BEN CLASSON/Herald photo

The fate of three local power plants is in question after Gov. Jim Doyle announced in August the state would no longer allow coal burning to heat or power government or University of Wisconsin buildings.

Doyle’s ban applies only to the three major power plants in Madison that currently provide heating and cooling to state agencies and UW — the Charter Street plant, Capitol Heath and Power and Madison Gas and Electric, according to Linda Barth, spokesperson for the Department of Administration.

“This is great news for Dane County’s air,” said Jennifer Feyerherm, director of the Clean Air Campaign for the Sierra Club. “The three biggest sources of fine particulate matter, mercury and all kinds of pollutants have all agreed to stop burning the most polluting fuel.”
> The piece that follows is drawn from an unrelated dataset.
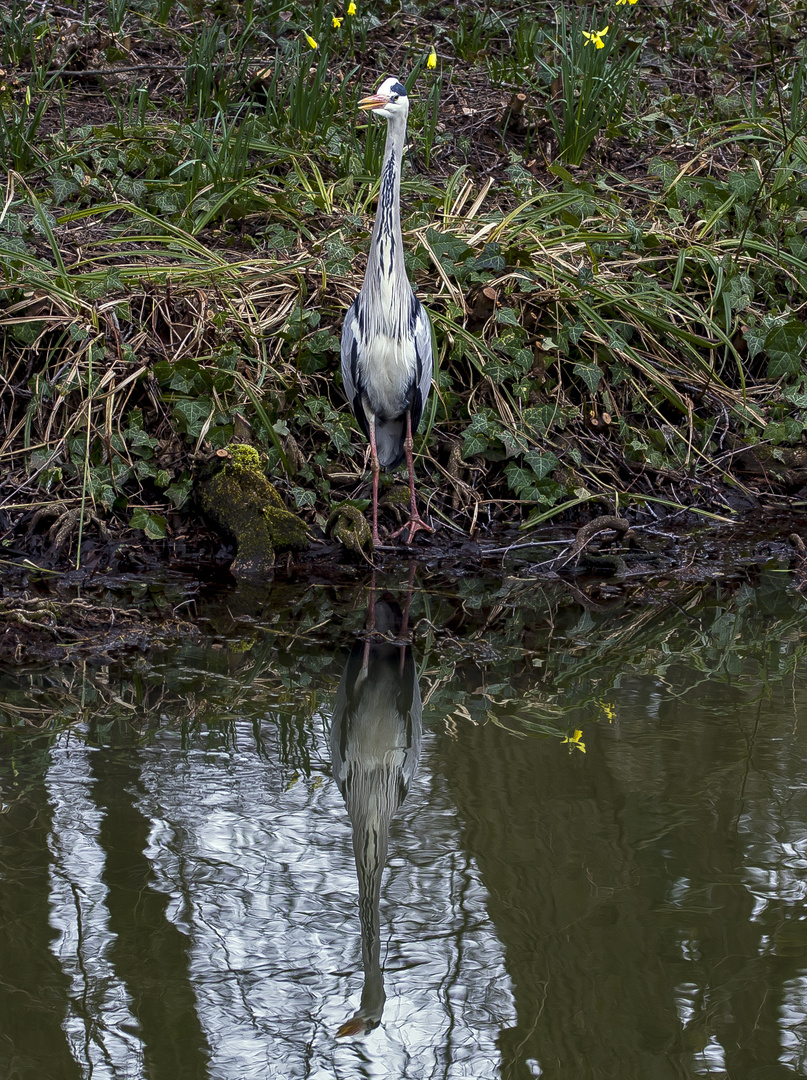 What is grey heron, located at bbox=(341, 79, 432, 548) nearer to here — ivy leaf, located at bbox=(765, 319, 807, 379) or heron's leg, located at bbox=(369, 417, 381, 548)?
heron's leg, located at bbox=(369, 417, 381, 548)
The Sierra Club helped bring about the governor’s decision when it sued the Charter Street plant in May 2007, according to Feyerherm.

“The Charter Street power plant was violating the Clean Air Act, and so after two years of trying to work with the university and getting nowhere, the Sierra Club filed a lawsuit under the Clean Air Act,” Feyerherm said.

According to Feyerherm, of the coal burned at plants like the one on Charter Street, 25 percent produces energy, 15 percent goes out the stacks and 60 percent is pumped into Lake Monona.

As a result, in accordance with UW, the Sierra Club and the Department of Natural Resources, the DOA launched a study to look at all the power plants to come up with alternative sources of energy, with a final goal of reducing coal consumption at the Charter Street plant by 15 percent, according to Barth.

“The study looked at a whole bunch of combinations, ranging from leaving the situation as it is, which would be like putting on a Band-Aid, and that doesn’t make any sense, all the way to having a single plant replace all three plants to provide heat for campus and all the buildings as well as produce electricity for everyone,” Feyerherm said.

Other options being considered are building new plants to burn natural gas or bio-fuels or retrofitting equipment in each existing plant to burn alternative fuels and gas, Barth said.

The third option is cogeneration, which takes the heat waste from electricity and uses it to heat and cool buildings.

The decision left before the state is determining the number of new plants, and how large they should be, and a final decision must be made by the end of November, when UW must submit a building permit to the DNR, according to the legally binding agreement made between the DOA, the university and the state.